- **What is needed**:
What is wanted is every line below from the one with "Tory Burch Black" up to and including the one with "تیشرت لش نخ پنبه چاپ شبرنگ فری سایز تا 50", retyped exactly, pictures excluded, nothing else.

- **Material provided**:
•••
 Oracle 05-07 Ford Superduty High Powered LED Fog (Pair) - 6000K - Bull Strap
•••
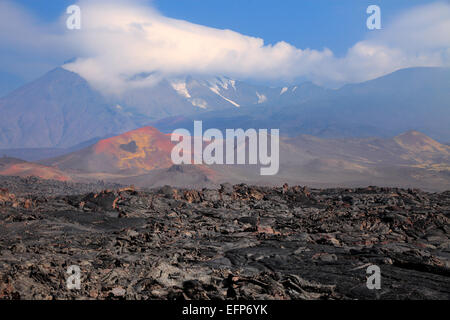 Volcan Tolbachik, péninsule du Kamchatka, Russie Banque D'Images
•••
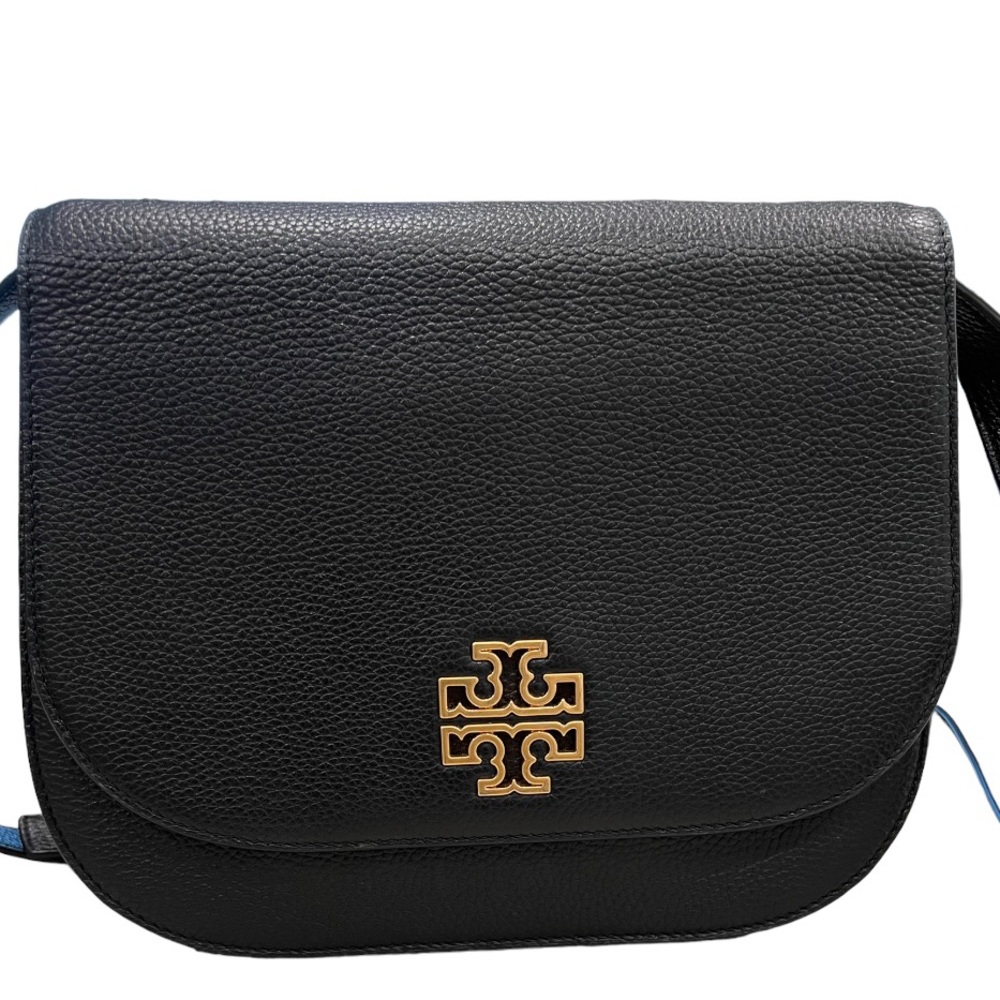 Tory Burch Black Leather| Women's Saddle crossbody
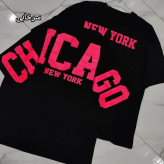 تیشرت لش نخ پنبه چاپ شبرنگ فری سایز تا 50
•••
- **Written response**:
 Tory Burch Black Leather| Women's Saddle crossbody
 تیشرت لش نخ پنبه چاپ شبرنگ فری سایز تا 50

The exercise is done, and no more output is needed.